- [Records supplied]:
|---|

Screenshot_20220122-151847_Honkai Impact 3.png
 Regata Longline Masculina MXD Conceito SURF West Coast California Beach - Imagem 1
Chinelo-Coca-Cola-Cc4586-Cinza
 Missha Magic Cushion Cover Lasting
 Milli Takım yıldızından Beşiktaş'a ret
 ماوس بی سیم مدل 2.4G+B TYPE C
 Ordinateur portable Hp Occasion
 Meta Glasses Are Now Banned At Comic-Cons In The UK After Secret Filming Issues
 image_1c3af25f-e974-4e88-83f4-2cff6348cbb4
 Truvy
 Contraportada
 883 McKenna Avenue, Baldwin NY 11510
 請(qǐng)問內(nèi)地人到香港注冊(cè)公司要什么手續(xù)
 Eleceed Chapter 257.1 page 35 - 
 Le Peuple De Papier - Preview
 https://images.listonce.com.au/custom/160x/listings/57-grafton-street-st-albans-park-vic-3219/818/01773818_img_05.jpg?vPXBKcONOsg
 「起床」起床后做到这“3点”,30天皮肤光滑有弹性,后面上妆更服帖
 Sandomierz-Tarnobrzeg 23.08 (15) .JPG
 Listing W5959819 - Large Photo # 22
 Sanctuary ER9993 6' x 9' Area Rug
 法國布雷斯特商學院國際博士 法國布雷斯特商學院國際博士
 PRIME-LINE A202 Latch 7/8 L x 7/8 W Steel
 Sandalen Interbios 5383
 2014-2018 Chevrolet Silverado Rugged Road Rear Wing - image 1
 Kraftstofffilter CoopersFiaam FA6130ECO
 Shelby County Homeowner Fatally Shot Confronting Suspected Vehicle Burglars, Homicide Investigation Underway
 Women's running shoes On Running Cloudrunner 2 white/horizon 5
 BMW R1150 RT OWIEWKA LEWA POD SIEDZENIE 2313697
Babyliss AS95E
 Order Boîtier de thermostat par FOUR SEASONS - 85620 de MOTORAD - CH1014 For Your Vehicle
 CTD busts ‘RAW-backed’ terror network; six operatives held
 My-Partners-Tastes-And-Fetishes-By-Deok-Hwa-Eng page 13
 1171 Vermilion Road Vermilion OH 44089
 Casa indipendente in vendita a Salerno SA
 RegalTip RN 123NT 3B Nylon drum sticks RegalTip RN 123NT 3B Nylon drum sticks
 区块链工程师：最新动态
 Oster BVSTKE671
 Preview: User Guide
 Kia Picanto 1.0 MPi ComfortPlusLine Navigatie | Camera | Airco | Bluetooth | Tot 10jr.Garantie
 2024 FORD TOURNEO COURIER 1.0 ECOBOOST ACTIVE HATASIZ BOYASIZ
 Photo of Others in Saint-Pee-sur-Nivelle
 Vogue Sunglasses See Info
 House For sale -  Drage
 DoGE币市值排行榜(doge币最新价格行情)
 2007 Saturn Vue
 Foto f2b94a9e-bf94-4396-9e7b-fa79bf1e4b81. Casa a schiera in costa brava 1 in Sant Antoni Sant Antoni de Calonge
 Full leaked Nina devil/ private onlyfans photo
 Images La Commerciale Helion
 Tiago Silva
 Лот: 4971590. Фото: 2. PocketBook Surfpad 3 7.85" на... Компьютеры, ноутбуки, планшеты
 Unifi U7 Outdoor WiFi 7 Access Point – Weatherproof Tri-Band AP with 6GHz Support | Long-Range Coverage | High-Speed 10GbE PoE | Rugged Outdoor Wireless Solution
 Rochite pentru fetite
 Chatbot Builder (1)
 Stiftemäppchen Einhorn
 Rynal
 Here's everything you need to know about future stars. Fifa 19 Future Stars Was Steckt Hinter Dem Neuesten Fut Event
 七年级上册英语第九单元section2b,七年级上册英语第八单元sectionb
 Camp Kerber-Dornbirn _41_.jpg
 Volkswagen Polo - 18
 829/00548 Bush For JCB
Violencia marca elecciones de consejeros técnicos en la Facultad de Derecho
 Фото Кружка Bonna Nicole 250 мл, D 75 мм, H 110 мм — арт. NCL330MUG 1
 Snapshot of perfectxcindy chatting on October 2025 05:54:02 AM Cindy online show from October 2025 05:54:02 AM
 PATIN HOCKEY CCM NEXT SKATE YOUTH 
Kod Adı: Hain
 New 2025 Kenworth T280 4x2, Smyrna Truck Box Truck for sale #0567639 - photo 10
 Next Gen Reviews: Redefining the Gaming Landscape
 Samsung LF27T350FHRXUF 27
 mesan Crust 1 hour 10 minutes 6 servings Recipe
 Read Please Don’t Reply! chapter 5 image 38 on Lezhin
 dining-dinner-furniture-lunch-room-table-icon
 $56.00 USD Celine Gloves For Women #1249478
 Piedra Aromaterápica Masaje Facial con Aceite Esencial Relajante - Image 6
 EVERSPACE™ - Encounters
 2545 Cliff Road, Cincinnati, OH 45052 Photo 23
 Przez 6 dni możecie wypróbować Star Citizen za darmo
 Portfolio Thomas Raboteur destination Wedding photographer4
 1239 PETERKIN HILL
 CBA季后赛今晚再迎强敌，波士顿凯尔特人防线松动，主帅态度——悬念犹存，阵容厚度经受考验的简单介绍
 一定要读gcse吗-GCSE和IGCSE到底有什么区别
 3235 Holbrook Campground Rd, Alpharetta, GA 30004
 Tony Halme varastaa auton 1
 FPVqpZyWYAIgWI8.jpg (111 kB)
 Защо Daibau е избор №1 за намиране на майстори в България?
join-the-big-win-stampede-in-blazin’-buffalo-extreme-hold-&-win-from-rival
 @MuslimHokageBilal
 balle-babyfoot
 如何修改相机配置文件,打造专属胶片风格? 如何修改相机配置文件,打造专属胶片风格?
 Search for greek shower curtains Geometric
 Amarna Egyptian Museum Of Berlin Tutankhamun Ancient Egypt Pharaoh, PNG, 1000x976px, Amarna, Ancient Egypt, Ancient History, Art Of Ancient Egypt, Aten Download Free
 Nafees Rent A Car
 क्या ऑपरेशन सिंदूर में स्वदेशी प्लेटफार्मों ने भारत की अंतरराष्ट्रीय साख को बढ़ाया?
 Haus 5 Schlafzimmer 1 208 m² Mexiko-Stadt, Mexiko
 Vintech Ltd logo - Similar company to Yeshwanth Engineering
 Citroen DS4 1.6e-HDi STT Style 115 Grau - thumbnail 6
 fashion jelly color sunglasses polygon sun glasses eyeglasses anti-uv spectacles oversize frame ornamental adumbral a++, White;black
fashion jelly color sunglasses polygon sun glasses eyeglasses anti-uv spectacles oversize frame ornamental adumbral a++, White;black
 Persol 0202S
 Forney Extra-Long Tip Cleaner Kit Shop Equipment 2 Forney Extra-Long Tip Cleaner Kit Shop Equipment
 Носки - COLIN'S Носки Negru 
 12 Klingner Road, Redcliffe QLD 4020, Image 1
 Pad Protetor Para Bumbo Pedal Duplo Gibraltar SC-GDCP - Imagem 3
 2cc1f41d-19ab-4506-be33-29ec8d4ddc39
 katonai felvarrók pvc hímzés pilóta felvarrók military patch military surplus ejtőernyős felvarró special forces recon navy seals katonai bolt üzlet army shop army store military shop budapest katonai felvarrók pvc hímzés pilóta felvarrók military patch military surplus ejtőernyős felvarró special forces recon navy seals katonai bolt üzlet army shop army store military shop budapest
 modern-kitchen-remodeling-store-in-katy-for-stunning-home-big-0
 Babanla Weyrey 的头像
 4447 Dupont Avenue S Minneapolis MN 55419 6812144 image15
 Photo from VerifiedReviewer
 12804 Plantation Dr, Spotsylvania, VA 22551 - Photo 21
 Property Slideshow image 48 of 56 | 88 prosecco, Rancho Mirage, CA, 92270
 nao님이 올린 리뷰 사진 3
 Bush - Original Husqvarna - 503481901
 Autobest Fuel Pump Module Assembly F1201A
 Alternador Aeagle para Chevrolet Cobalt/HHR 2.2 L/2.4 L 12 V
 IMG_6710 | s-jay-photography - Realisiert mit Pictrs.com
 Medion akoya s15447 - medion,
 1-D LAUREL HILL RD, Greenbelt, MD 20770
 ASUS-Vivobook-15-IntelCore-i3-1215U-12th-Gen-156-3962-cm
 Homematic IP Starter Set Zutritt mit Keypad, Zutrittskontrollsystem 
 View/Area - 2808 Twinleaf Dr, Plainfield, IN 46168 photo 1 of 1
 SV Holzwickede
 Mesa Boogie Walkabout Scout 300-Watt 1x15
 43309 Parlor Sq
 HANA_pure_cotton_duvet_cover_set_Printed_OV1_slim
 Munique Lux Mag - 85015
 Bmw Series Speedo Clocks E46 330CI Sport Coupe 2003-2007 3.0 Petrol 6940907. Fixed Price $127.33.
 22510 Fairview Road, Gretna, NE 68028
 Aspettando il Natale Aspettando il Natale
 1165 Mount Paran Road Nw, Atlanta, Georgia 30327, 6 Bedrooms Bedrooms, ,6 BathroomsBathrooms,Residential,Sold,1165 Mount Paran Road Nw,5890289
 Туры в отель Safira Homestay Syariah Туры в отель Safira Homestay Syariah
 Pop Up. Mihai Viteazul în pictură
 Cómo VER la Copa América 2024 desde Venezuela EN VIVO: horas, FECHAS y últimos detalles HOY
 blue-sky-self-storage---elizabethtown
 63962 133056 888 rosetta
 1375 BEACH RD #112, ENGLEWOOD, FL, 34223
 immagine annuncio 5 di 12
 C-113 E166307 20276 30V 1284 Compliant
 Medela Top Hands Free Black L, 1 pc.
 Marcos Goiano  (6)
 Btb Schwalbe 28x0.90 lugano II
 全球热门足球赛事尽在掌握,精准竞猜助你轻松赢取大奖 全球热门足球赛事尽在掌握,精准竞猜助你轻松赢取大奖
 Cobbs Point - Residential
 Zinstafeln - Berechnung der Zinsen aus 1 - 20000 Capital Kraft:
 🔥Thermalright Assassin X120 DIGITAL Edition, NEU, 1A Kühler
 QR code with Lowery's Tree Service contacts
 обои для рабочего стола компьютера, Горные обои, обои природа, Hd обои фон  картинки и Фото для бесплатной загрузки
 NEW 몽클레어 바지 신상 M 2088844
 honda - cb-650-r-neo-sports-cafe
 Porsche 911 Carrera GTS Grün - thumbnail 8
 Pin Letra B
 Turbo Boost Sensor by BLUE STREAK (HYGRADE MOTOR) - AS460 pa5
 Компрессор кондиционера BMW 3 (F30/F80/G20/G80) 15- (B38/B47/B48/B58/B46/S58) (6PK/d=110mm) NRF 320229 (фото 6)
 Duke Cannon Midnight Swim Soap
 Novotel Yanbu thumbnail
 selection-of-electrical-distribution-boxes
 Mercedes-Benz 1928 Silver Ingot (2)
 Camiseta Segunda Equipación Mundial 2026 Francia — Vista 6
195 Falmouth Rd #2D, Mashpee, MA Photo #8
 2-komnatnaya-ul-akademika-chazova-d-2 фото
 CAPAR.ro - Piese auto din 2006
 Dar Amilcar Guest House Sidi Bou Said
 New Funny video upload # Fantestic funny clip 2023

|---|

Your answer must consist solely of the lines above between the line holding "blue-sky-self-storage---elizabethtown" and the line holding "Pin Letra B", inclusive, copied exactly.

- [Reply]:
 blue-sky-self-storage---elizabethtown
 63962 133056 888 rosetta
 1375 BEACH RD #112, ENGLEWOOD, FL, 34223
 immagine annuncio 5 di 12
 C-113 E166307 20276 30V 1284 Compliant
 Medela Top Hands Free Black L, 1 pc.
 Marcos Goiano  (6)
 Btb Schwalbe 28x0.90 lugano II
 全球热门足球赛事尽在掌握,精准竞猜助你轻松赢取大奖 全球热门足球赛事尽在掌握,精准竞猜助你轻松赢取大奖
 Cobbs Point - Residential
 Zinstafeln - Berechnung der Zinsen aus 1 - 20000 Capital Kraft:
 🔥Thermalright Assassin X120 DIGITAL Edition, NEU, 1A Kühler
 QR code with Lowery's Tree Service contacts
 обои для рабочего стола компьютера, Горные обои, обои природа, Hd обои фон  картинки и Фото для бесплатной загрузки
 NEW 몽클레어 바지 신상 M 2088844
 honda - cb-650-r-neo-sports-cafe
 Porsche 911 Carrera GTS Grün - thumbnail 8
 Pin Letra B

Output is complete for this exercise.